People are talking about a wave of patriotism washing across the country as Canadians cheer on their Olympic athletes. I’m sure this is true, but why? What is it based on? Why exactly should we get excited because a Canadian athlete wins a medal—because our guy slid on a piece of wood down a snowy incline faster than their guys did? It’s clear why the athlete himself might be excited. But how is that a measure of our collective self-worth?
These are more than philosophical questions. Hundreds of millions of dollars have been spent, including $117 million targeted at elite athletes through the “Own the Podium” program, on the premise that we should get excited about our athletes’ achievements. Of course that implicates us in a simplistic sense: our dollars, we hope, will buy more medals than theirs will. But—leaving aside whether that’s the highest and best use of scarce public dollars—is there anything more to it than that? Why should we care whether “we” win any medals? What’s it got to do with us?
The answer, I think, is that the success of any one individual, in sports as in other fields, is not wholly attributable to that individual. It is also a collective endeavour. It emerges from a culture, and while the talent and effort of each individual are plainly of supreme importance to their success, the likelihood of such individual successes, on average and in the aggregate, will be the greater or lesser depending on the culture that surrounds them, and the cultural attributes with which they are imbued.
There is a reason we talk of “German engineering,” or “Japanese quality” (at least, we used to). It isn’t that, by some random accident of birth, Germany happens to be endowed with an abnormally high number of superior engineers. It is because something in the culture of Germany places a premium on engineering excellence, and will accept nothing less. The meticulousness and attention to detail for which the Germans are known is not a myth, or a stereotype (though obviously it does not apply in every case). It is something they learn from each other.
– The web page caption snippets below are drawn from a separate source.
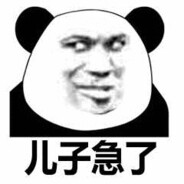 让全世界的风吹向你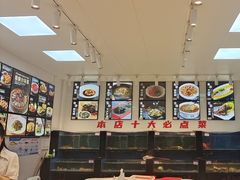-渔满仓海鲜渔家(象山二店)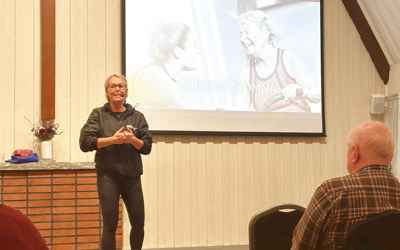 Provitae Forelasning Okt 2025 Pic 0026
Think of those extraordinary flowerings of human culture that happen every now and then: Florence in the quattrocento, or Elizabethan London. We can marvel at the individual genius of a Shakespeare. But we have also to reckon with the remarkable generation of artists who were his contemporaries. Was there something in the water? Or did each bootstrap the others to higher levels of accomplishment? You’re Kit Marlowe, and you’ve just written a play you think is rather good. But then you go to Will Shakespeare’s latest, and suddenly you are made to see what a truly great play looks like. So you go back and rewrite. You raise your standards.
I hesitate to compare luging to Shakespeare. But something of the same dynamic must explain why some countries develop a culture of winning, and others do not. To be sure, Olympic success correlates fairly closely with more mundane variables such as income (the richer the country, the more money it can spend on its athletes) or population (the more people it has, the higher the chances of producing a superior physical talent). But then you come upon the outliers, like Norway in the Winter Games or Australia in the Summer Games, who win medals out of all proportion to what mere numbers would predict.
This country used to be content to win a handful of medals at the Olympics, summer or winter. You could say we were more serene in our sense of self, less caught up in such arbitrary measures of national achievement. Or you could say we were complacent. At any rate, somewhere along the way we decided that it mattered to us to win at other sports, the way it has always mattered to us to win at hockey.
We didn’t just invest a lot of money in it, or harness the kinds of high-tech scientific expertise described in that Maclean’s cover story a few weeks back. Something shifted in the culture: in our expectations, certainly. Whether we have also developed the habits of mind and qualities of character that are required to meet those expectations is less settled. You can see it most clearly in the women’s speed skating team: it isn’t just talent or training that explains their remarkable success, but a shared psychological state—a culture of winning—one that still eludes, say, the men’s alpine team.
So yes, when Canadian athletes win Olympic glory, we are entitled to cheer. It does have something to do with us. We have all, to a greater or lesser extent, taken part in that change of national temperament, and as such their achievement is, in whatever part, our achievement, a collaborative effort, a culture. I call it a culture of winning, but it’s really a culture of excellence, a refusal to settle for second-best, and with any luck their example will spread into other areas of our national life. We don’t have enough such examples. There aren’t many things we make here that we make better than anyone else.
But these athletes were made here. They are what we have chosen to be. They are made of us, and are helping to make us in their turn.